Inquisiteur, avide de réponse, tu découvres ta congénère recroquevillée contre le montant de son lit, comme si s’étendre sur l’ensemble du lit lui ayant été attribué aurait constitué un crime de lèse-majesté. Un instant, elle vous toise. Si d’abord, le regard qu’elle t’accorde semble chargé d’espoir. Pique planté comme tu l’es, face à elle, elle se ravise rapidement apparemment… Contrariée ? Ça n’est pas nécessairement pour te déplaire, tu préfères bien plus lire les sentiments de tes interlocuteurs sur leurs faces.
C’est ce qui participe à ton si grand désamour de tes semblables, tu accueilles le choix de la sincérité de la vampire avec joie, jusqu’à ce que tu découvres le jugement que réservent ses prunelles à ton collègue. Pourquoi te donne-t-elle l’impression de lui faire les yeux doux ? Dans un sourire sous-tendu d’ironie, te paraît-il, elle vous questionne sur votre présence à tous les deux. Heureusement, le taiseux de service prend le relais avec la charmeuse de cabots. On assiste à un vrai miracle.
Avec un manque d’originalité affligeant, l’agent Hawkins tient à se présenter en bonne et due forme, lui et toi.

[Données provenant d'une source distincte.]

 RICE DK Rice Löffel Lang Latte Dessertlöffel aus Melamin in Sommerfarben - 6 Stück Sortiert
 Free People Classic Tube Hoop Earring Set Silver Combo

Après une pause, il s’enquiert de savoir si la jeune femme de l’époque se rappelait bien de ce qu’était le BUR, si elle comprenait l’objet de votre visite. Quel ennui.. Ne comprend-il rien à la situation ? La bougresse vient de se réveiller, la Terre a été nucléarisée à plusieurs reprises dans son sommeil, l’émergence des médiums de communication moderne a changé la face du monde, assez pour que toi-même, tu n’arrives pas à te mettre à la page et il lui demande si elle se rappelle ce que l’on représente…

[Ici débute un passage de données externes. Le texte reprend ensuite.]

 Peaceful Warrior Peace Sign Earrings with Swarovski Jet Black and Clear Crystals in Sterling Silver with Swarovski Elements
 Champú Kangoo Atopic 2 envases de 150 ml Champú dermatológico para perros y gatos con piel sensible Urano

Tu lèves les yeux au ciel avant de rompre le nœud de tes bras contre ta poitrine pour t’approcher du lit de ta plus jeune congénère - au moins en esprit. « Si nous sommes ici, c’est que l’hôpital vous a reconnu capable de tenir un entretien avec nous, ça n’est peut-être pas votre avis sur la question. » Tu prends place sur un fauteuil attenant au perchoir de la donzelle. « Comment vous sentez-vous ? » Tu lui adresses un visage visiblement emprunt d’inquiétude, loin d’être ravageante, celle-ci se veut tout de même sincère. « N’hésitez pas à prendre tout le temps de monde si vous ne vous sentez pas prête à discuter de votre situation dans l’immédiat. Nous pourrions repasser plus tard. Demain, la semaine prochaine ou même dans un mois. Pour une affaire d’il y a plus de cent ans, ce n’est pas ça qui fera grande différence. »
Tu déblatères ton laïus, sans même te soucier de si la personne à tes côtés était bien au courant de la période exacte de temps qui s’était écoulé depuis son endormissement. L’information te semble d’un banal, maintenant que tu l’as intégrée, tu n’as d’yeux que pour la suite en réalité. Quand ? Où ? Qui ? Comment, mais surtout pourquoi ? Un grand sourire accroché aux lèvres, bienheureux que tu es, tu lui tends une main rassurante que tu entendrais saisir la sienne, délicatement, si la demoiselle n’y était pas opposée.